IPA Transcription in Kilobytes with Zig, LLaMA 2, and WASM
LLVM, take the wheel
TLDR
- We made a super small G2P model (IPA transcriber) based on Llama 2.
- Phoneme error rate is 1% for Korean and 13% for English.
- Model is less than 500KBs, smaller than the PDF of Attention is All You Need.
- Zig, Python, and Javascript libraries built with WASM.
- Download the library at https://hamanlp.org
Experimental setup
Datasets
We use the following datasets.
Model
We modified the LLama2 implementation at https://github.com/cgbur/llama2.zig.

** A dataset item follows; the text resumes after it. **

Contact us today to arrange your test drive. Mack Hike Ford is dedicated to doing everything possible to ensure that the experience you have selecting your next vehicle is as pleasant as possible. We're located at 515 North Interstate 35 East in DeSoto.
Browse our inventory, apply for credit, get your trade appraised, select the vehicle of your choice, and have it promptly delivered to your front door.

The tokenizer's vocabulary consists of 139 tokens. We had to keep the vocab size small to maintain a small embedding layer. Tokens consist of lowercase alphabet, Korean jamos, numbers, and some special characters.

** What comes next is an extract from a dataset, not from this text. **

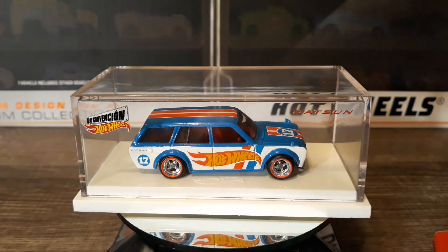Evening everyone. Welcome back to Types Collectibles. Tonight I have for you a 2017 Mexico Convention car. I'm not sure exactly at which convention this car was given out. I understand from other things I've read online that at the conventions there's a dinner car, there's a car for showing up, and then there's other cars that you can get.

To find the most optimal tradeoff between model size and accuracy, we perform grid-search for the following hyperparameters.
- Hidden size (32, 64, 128, 256)
- Transformer layers (1, 2, 3, 4)
- Feed-forward network intermediate size (32, 64, 128, 256)
Findings
All reported findings are results of 5-fold cross-validation.
PER vs. hyperparameters

PER by Transformer layers

PER Heatmap for each hyperparameter pair

Model selection
Since PER monotonically decreases as our model gets bigger, we chose the biggest model we could fit under a megabyte.
Below is the configuration we settled on:
config = LlamaConfig(
hidden_size=64, # dim
num_hidden_layers=2, # n_layers
num_attention_heads=2, # n_heads
num_key_value_heads=2, # n_kv_heads
max_position_embeddings=100, # max context length
vocab_size=200, # vocab size (can adjust if needed)
intermediate_size=128, # typically 4 * hidden_size for FFN
rope_scaling=None,
)
Compression
Here's the kicker:
We pasted all float32 weights of our model to a single Zig file.
Then we compile the Zig file with .cpu_arch = .wasm32, .os_tag = .freestanding, and std.builtin.OptimizeMode = .ReleaseFast.
LLVM compresses the file for us.
The vanilla zig file is 1.92MB
Final wasm is 482 KB, including all library code.